Counting same sex couples in France from a new survey on families
Elisabeth Morand, Institut National d'Études Démographiques (INED)
Nicolas Razafindratsima, Institut National d'Études Démographiques (INED)
Laurent Toulemon, Institut National d'Études Démographiques (INED)
Enumerating same-sex couples is a challenge for official statistics, as well as studying the demographics of these couples is a challenge for research. Despite these couples gained in many European countries the right to an official recognition through a specific legal status or the right to marriage, their identification in censuses and surveys is very difficult. Even if the description is restricted to coresident couples enumerated in the same household, census data based on cross-tabulation of individual answers to questions on couple situation and sex do not suffice, because a very limited number of errors in the sex of one or the other member of different-sex couples leads to a strong relative proportion of “false same-sex couples”. In order to avoid such errors, it is necessary to include specific categories in the “couple” question and/or to explicitly ask a question about the sex of the partner.
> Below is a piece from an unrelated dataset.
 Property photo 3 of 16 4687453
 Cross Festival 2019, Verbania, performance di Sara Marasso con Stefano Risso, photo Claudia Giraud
This was done in France for the first time in a one-percent survey, the Family and dwellings survey, which took place within the 2011 census, allowing a precise enumeration of same-sex couples. As the sampling unit was the enumerator zone, the sample suffers from large cluster effects. Taking these effects into account is necessary to estimate the variance of the counts. Furthermore, the sample can be used as a training sample for identifying same-sex couples among households included in the census, based on the information present in the census. Using data mining methods, it is then possible to build rules from the sample and to use them to infer counts of same-sex couples in the whole population. We will compare the estimates based on the survey itself, the 2011 yearly census survey, and complete census data based on five yearly waves.
Note: the paper could also fit in the “Data and method” Theme.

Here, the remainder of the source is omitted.